TASK DIRECTIONS
Every line of the material needs an exact copy, apart from the images.

DATA EXCERPT
────────────────────────────────────────

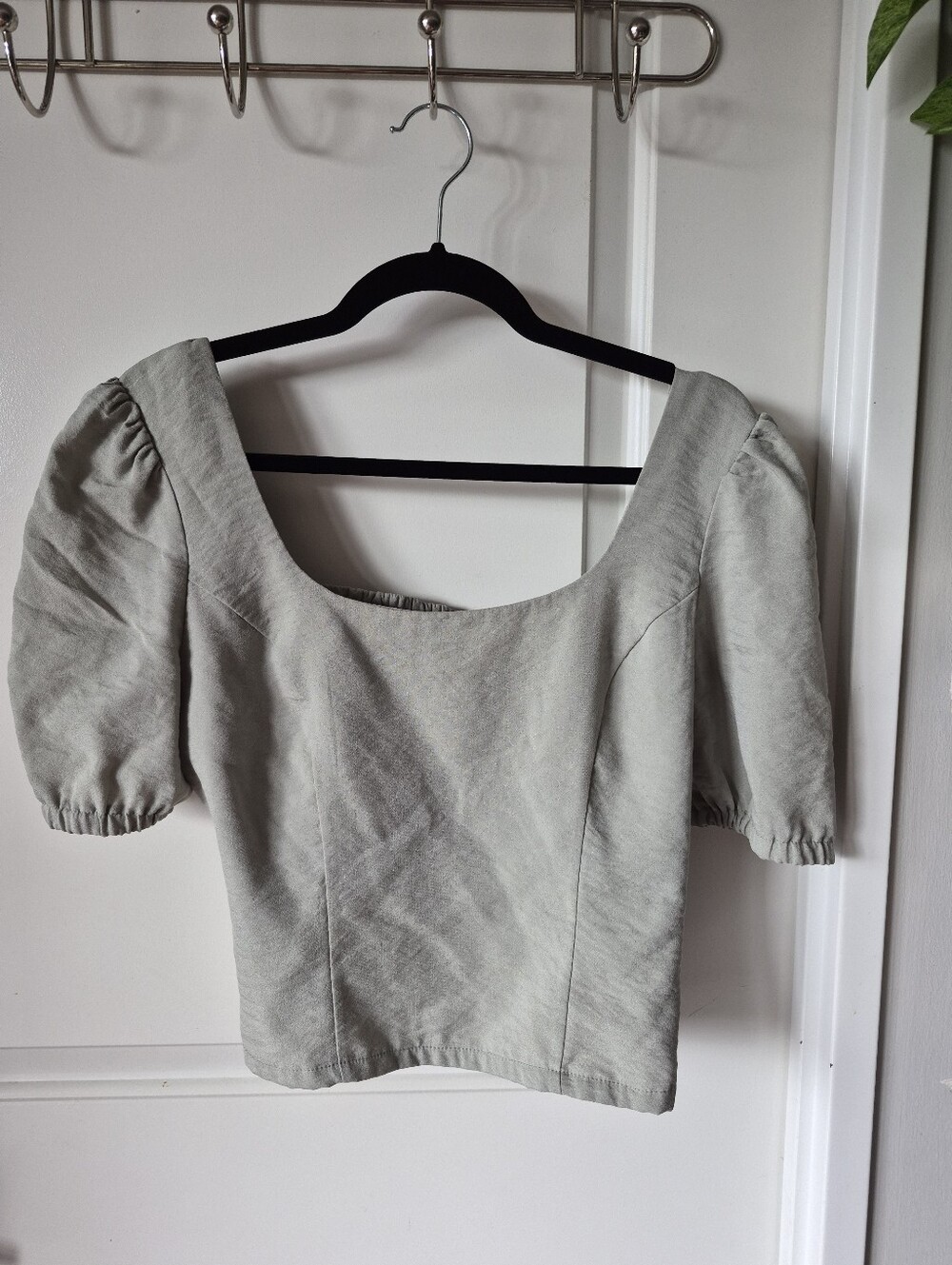 Sage Puff Sleeve Square Neck Top in Light Sage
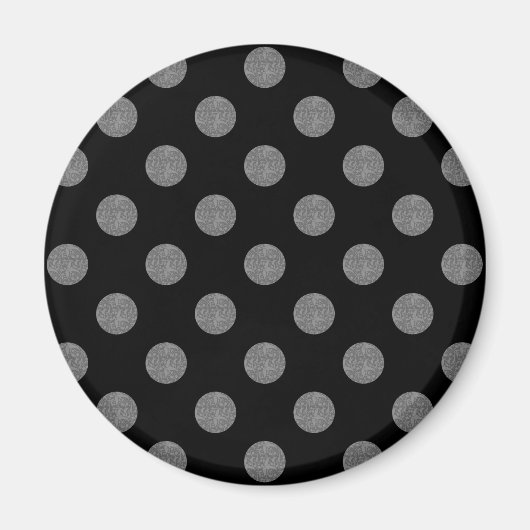 Aimant Pois gris et noir (Devant)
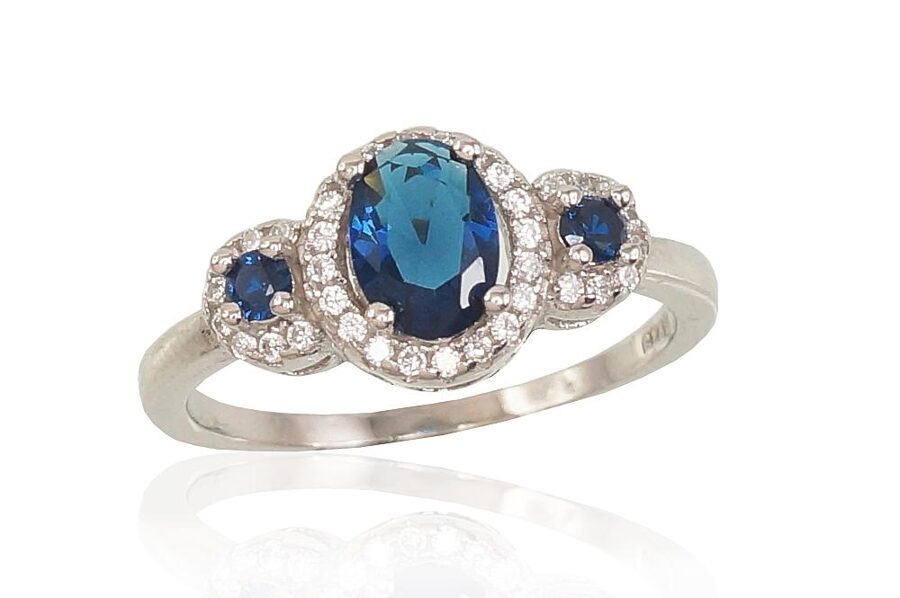 Sieviešu Sudraba Gredzens ar Cirkoniem – 925°, Rodijs, Izmērs 16.5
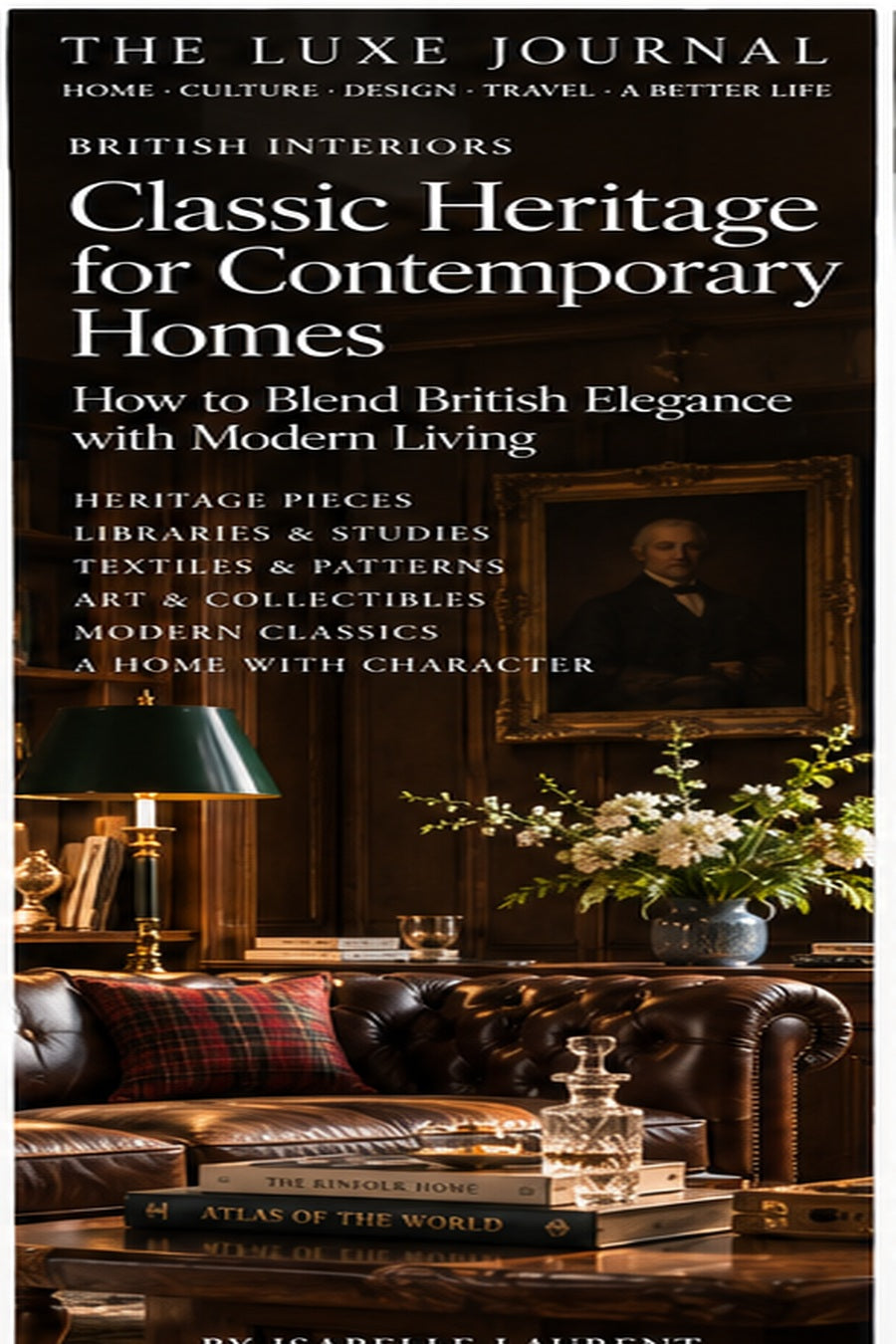 The Luxe Journal British interiors editorial cover featuring layered heritage style, books, art, brass and contemporary comfort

────────────────────────────────────────

COMPLETED TASK
 Sage Puff Sleeve Square Neck Top in Light Sage
 Aimant Pois gris et noir (Devant)
 Sieviešu Sudraba Gredzens ar Cirkoniem – 925°, Rodijs, Izmērs 16.5
 The Luxe Journal British interiors editorial cover featuring layered heritage style, books, art, brass and contemporary comfort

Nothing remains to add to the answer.